Data to examine -
[Start of section]
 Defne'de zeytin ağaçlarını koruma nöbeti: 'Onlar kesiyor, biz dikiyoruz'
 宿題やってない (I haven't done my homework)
[End of section]
[Start of section]
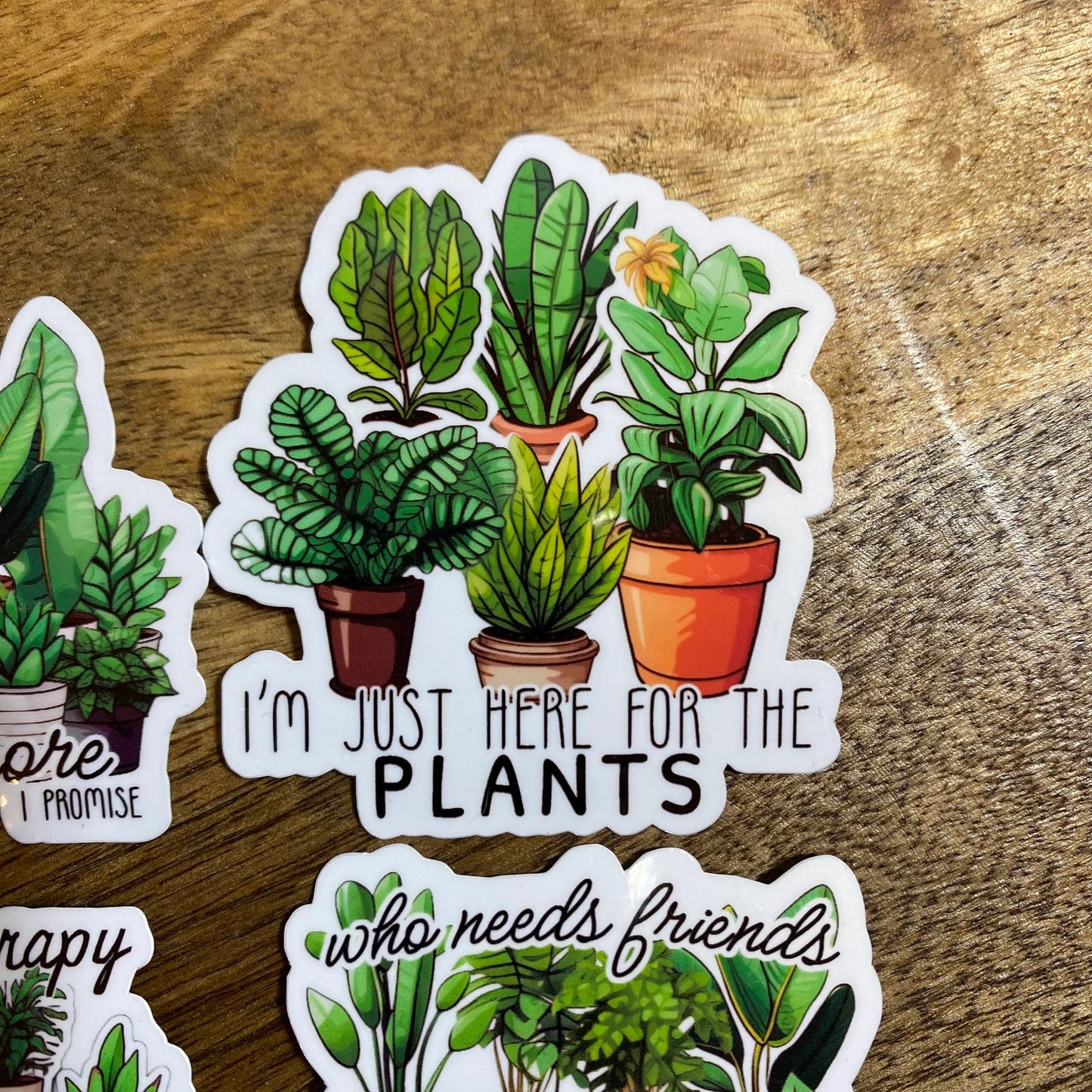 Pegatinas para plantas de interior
[End of section]
Task goal - Look through the entries above and quote exactly the lines from the line with "Defne'de zeytin ağaçlarını" to the line with "宿題やってない (I haven't done my homework)", counting both of those lines.

Completed exercise -
 Defne'de zeytin ağaçlarını koruma nöbeti: 'Onlar kesiyor, biz dikiyoruz'
 宿題やってない (I haven't done my homework)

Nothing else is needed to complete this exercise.